§ **Task requirements**: Would you return, word for word, the lines of the data below from the line with "Garnier Operası, Place" through the line with "이도형 앵커, 이승기 변호사 2025.11.14 [경인방송 시사뉴스팀]", and no others?

§ **Data shown**:

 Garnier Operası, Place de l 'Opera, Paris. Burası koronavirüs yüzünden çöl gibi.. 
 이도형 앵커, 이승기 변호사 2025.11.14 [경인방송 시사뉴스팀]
* * *
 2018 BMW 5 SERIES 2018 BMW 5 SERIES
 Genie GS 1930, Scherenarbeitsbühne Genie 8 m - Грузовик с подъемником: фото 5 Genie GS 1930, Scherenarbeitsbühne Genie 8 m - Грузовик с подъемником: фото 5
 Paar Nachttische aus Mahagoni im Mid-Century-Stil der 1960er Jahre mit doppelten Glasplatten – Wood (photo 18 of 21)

§ **Answer**:
 Garnier Operası, Place de l 'Opera, Paris. Burası koronavirüs yüzünden çöl gibi.. 
 이도형 앵커, 이승기 변호사 2025.11.14 [경인방송 시사뉴스팀]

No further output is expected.